Aldus gegeven door mr. E.P. van Unen, voorzitter, met bijstand van mr. I.J.M. Huysmans-van Opstal, als griffier op 20 november 2014.
griffier voorzitter
Deze beslissing is in afschrift op 24 november 2014
per gewone en per aangetekende post verzonden aan:
- klager
per gewone post verzonden aan:
- verweerder
per e-mail verzonden aan:
- de deken van de Orde van Advocaten in het arrondissement Zeeland-West- Brabant.
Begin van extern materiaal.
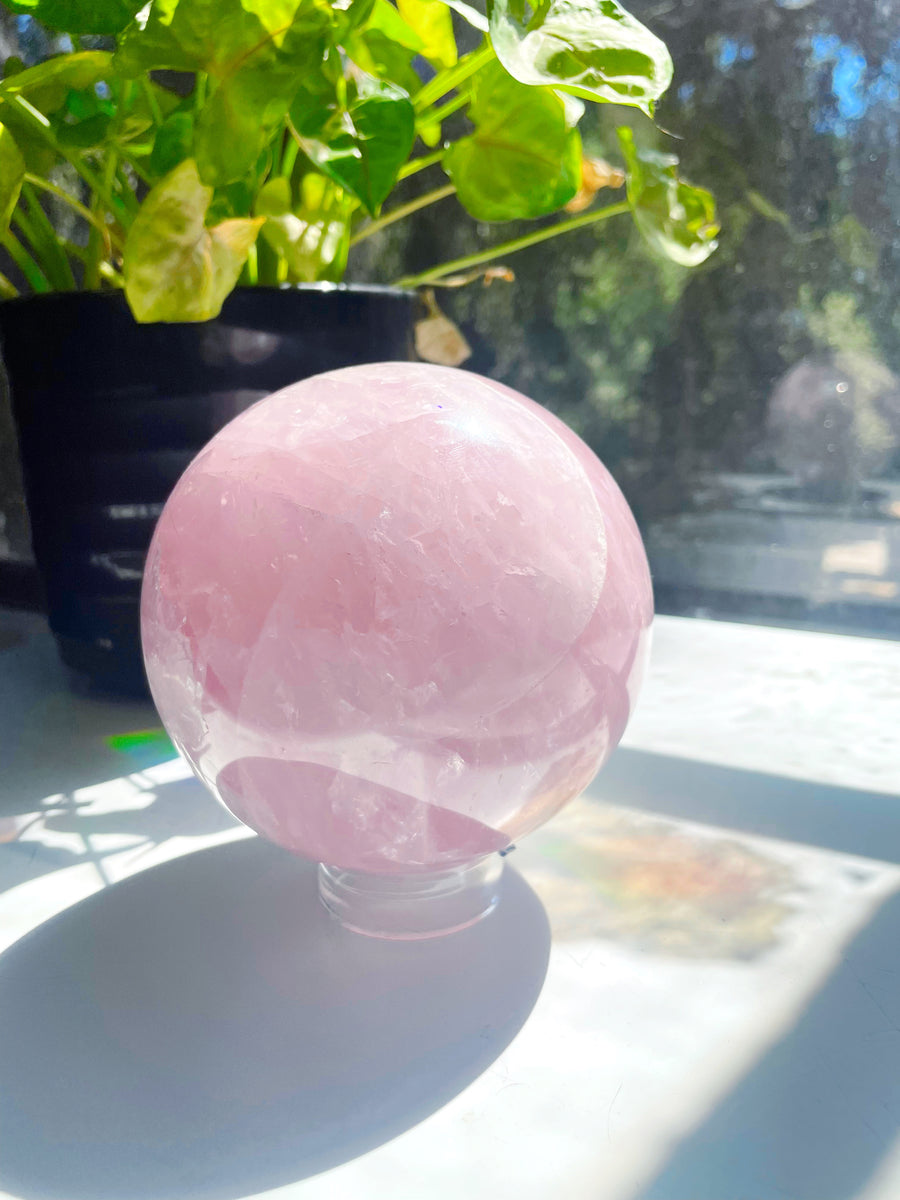 Large Rose Quartz Sphere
Ingevolge artikel 46h lid 1 van de Advocatenwet kunnen klager en de deken van de Orde van Advocaten in het arrondissement Zeeland-West-Brabant binnen veertien dagen na verzending van het afschrift van deze beslissing schriftelijk verzet doen bij de Raad van Discipline in het ressort ‘s-Hertogenbosch, Postbus 3115, 4800 DC Breda (fax: 076-5490569) . Het verzet wordt ingesteld door middel van indiening van een verzetschrift (in tweevoud), waarin de gronden van het verzet voorzien van een motivering worden omschreven. De termijn van 14 dagen begint op de dag volgend op die van verzending van de beslissing. Uiterlijk op de veertiende dag van die termijn moet het verzetschrift derhalve ontvangen zijn op de griffie van de raad van discipline. Verlenging van de termijn van 14 dagen is niet mogelijk.
Het verzetschrift kan op de volgende wijzen worden ingediend bij de raad van discipline:
a. Per post
Het verzetschrift dient samen met de beslissing waarvan verzet in tweevoud, per post te worden toegezonden aan de griffie van de raad.
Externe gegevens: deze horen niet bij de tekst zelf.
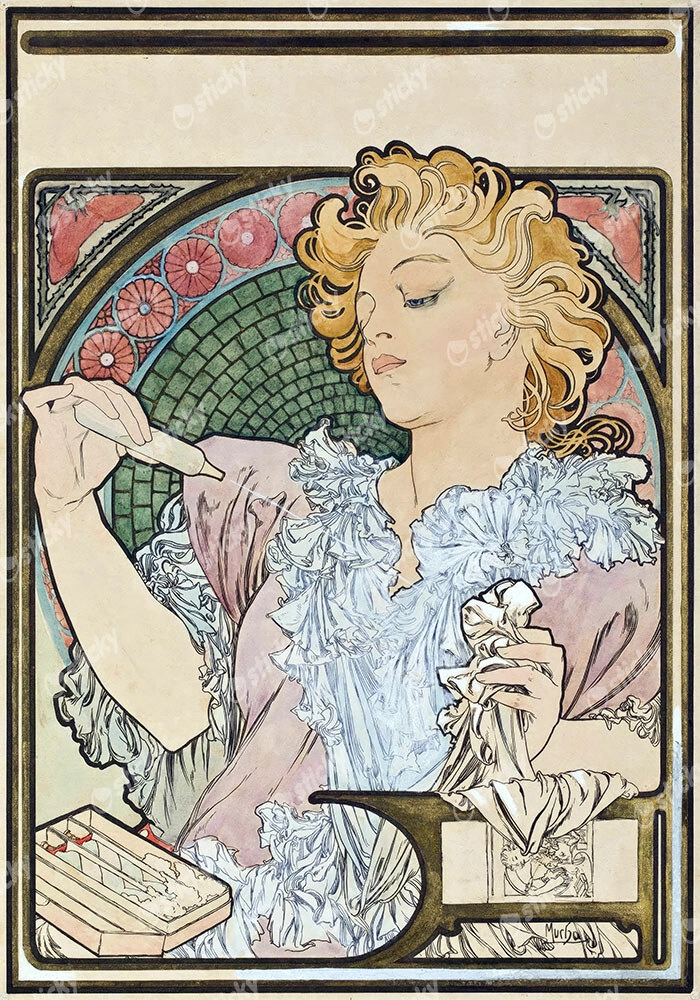 Πινακας σε καμβά ALPHONSE MUCHA - LANCE PARFUM RODO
Het postadres van de griffie van de raad van discipline is:
Postbus 3115, 4800 DC Breda
b. Bezorging
De griffie is gevestigd aan het adres Lage Mosten 7, Breda.
Teneinde er zeker van te zijn dat voor de ontvangst getekend kan worden of dat pakketten die niet in een reguliere brievenbus besteld kunnen worden, afgegeven kunnen worden dient u vooraf telefonisch contact op te nemen met de griffie van de raad. Het telefoonnummer van de raad van discipline is : 076-54 90 568.
c. Per fax
Het faxnummer van de raad van discipline is 076 – 54 90 569. Tegelijkertijd met de indiening per fax dient het verzetschrift samen met een afschrift van de beslissing waarvan verzet in tweevoud per post te worden toegezonden aan de griffie van de raad van discipline.